In sovereign debt news, Austria has lost its final top credit rating from a major assessor. This downgrade is a consequence of the country's persistently high budget deficits and marks the end of its decades-long status as one of Europe's best-rated sovereign borrowers.
The South African rand is demonstrating resilience against other currencies, according to independent analyst Terence Hove. He attributes this strength to a combination of factors including fuel and interest rate hikes, positive ratings developments, and ongoing fiscal consolidation efforts. Hove also points to the impact of the U.S.-Iran standoff on global market sentiment and equities, as well as trends in cryptocurrency valuations.

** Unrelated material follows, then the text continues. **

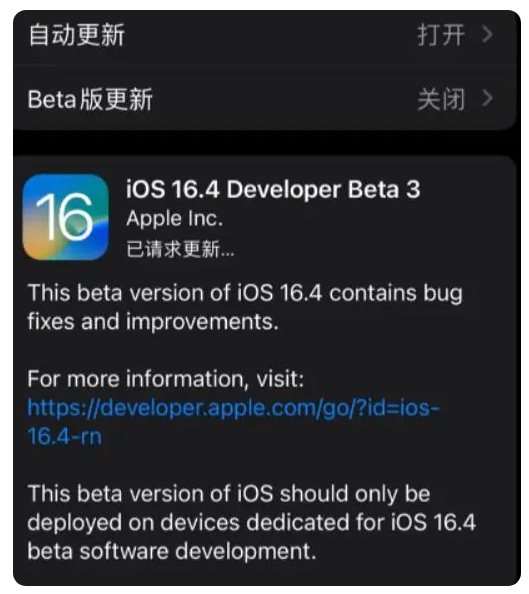 临夏苹果手机维修分享：iOS16.4Beta3更新了什么内容？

Separately, a significant shift in international debt markets is highlighted by Morocco's ten-year bond yield, which is currently lower than that of the United States. This comparison underscores a notable development in global debt dynamics.
↳ Why This Matters
Copper futures for July delivery have rebounded into positive territory after experiencing mid-session losses. This volatility is attributed to expectations surrounding U.S. trade policies and a projected 2026 supply shortfall outside the United States, stemming from disruptions at mines.
Frequently asked questions
Copper futures turned positive following a mid-session rebound, recovering from earlier losses. This recovery is influenced by market expectations around upcoming trade policies and revised price forecasts.
Market volatility is driven by upcoming U.S. trade policies, including a report on future tariffs, and revised price forecasts from major financial institutions.
They raised forecasts due to a projected 640,000-ton supply shortfall outside the U.S. for 2026, caused by mine disruptions in Indonesia and the Democratic Republic of Congo.
What Happens Next
01U.S. Commerce Department report on refined copper tariffs due June 30.